Varicoceles are an enlargement of the veins in your spermatic cord, which holds your testicles in place.
A varicocele is an enlargement of the veins in your spermatic cord. Varicoceles don’t usually have symptoms, but may feel like spaghetti or cause dull pain in the affected area.

What is a varicocele?

A varicocele (VAIR-ick-oh-seal) is a common disorder that enlarges the veins in your scrotum. Your scrotum is the pouch of skin behind your penis that typically contains your testes (testicles). Varicoceles are similar to varicose veins. Varicose veins cause veins in your legs to swell and lose their shape.

Varicoceles are usually painless but can sometimes cause testicular pain, which may come and go. In some people, a varicocele may cause infertility. If a varicocele doesn’t bother you, you may not need treatment.

Is a varicocele serious?

Varicoceles aren’t life-threatening. However, a varicocele can be very serious if you’re trying to have a biological child.

Can varicoceles affect fertility?

Yes, varicoceles can affect fertility in some people. Varicoceles can contribute to about 40% of all cases of male infertility. However, many people with varicoceles have no problems achieving pregnancy.

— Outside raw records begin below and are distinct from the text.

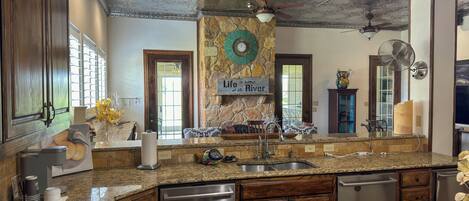 A kitchen with granite countertops, stainless steel appliances, and a stone fireplace.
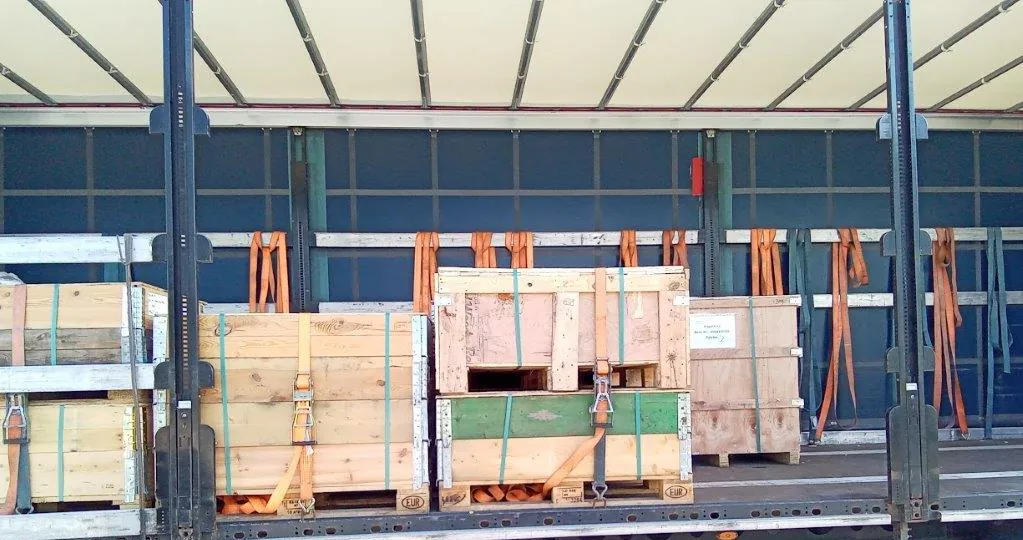 Caisses en bois cerclées sur palettes à rehausses dans un camion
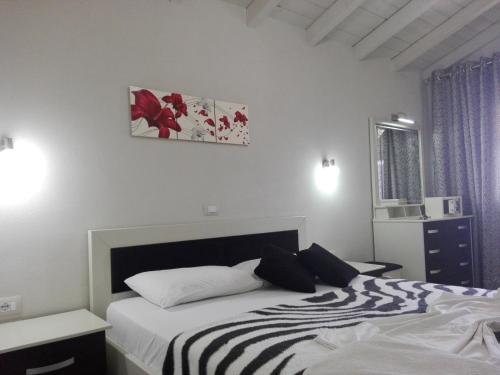 a bedroom with a bed with a black and white blanket at Vip Apartment by "Murati" in Ksamil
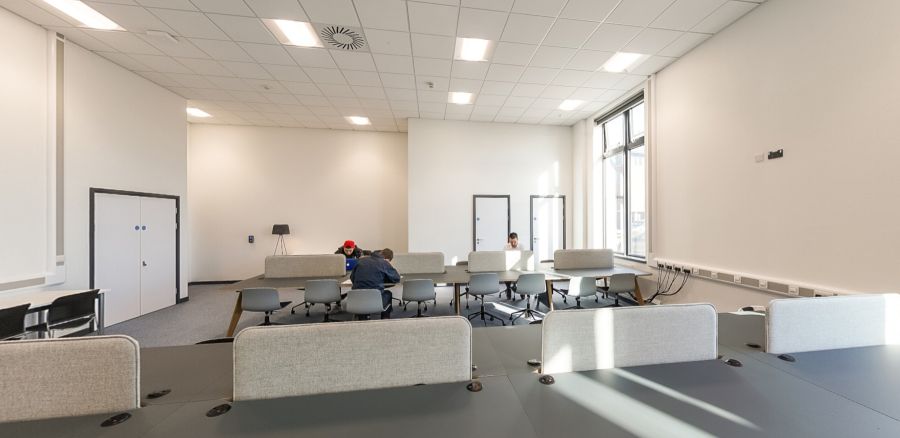 Students studying at desks in a bright open-plan study zone with group seating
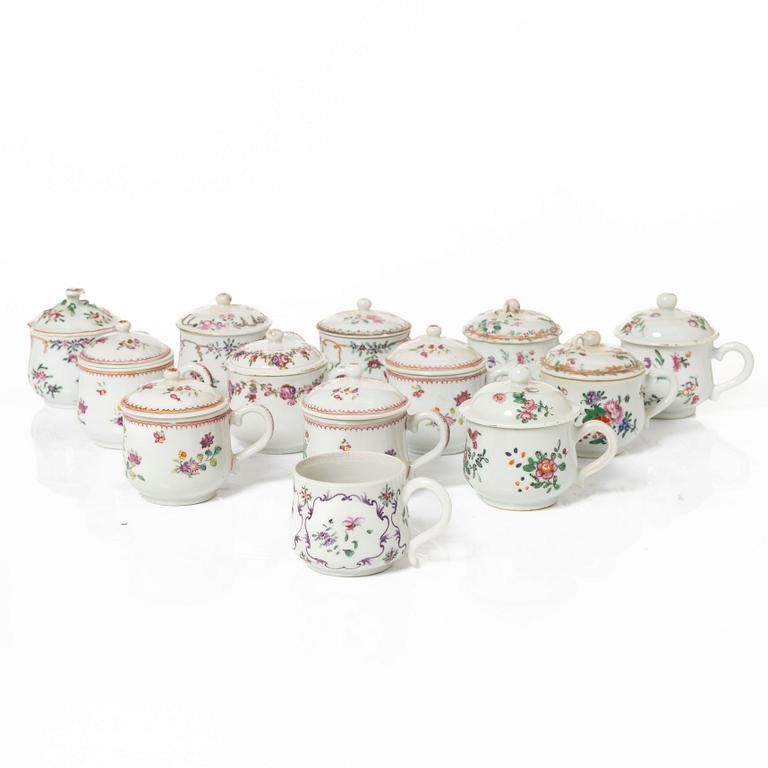 A group of 12 CHinese famille rose porcelain custard cups with covers, Qing dynasty, 18th century.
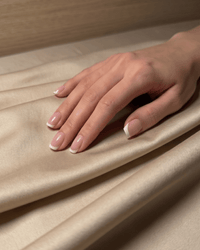 Champagne beige sateen bedsheet styled in a warm minimalist bedroom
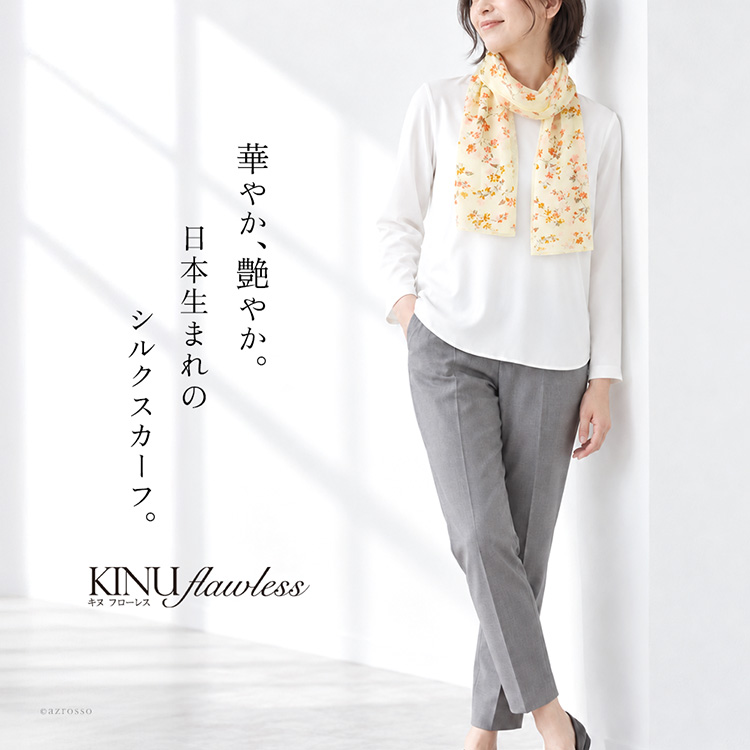小さな花々を散りばめた花柄のシルク100%サテンロングスカーフ（日本製・横浜スカーフ）を首元に巻いた女性モデル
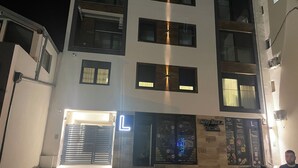 A multi-story building with a garage entrance, a neon 'L' sign, and a car parked outside. - I&I 3 Bedrooms Apartment (Kragujevac)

Medical experts don’t understand what role varicoceles play in infertility. It’s possible that the temperature inside your scrotum increases due to the buildup of blood in the veins. The higher temperature affecting both testicles may affect sperm count or production.

Talk to a healthcare provider if you suspect you have infertility. Fertility concerns are the top reason why people receive varicocele treatment.

How common are varicoceles?

Varicoceles affect 15% to 20% of all men and people assigned male at birth (AMAB) in the United States — about 1 in 5. A varicocele is more likely to occur on the left side of your scrotum because of differences in how blood drains from your left testicle back into the major veins of the body. Less commonly, it can affect the right side or both sides.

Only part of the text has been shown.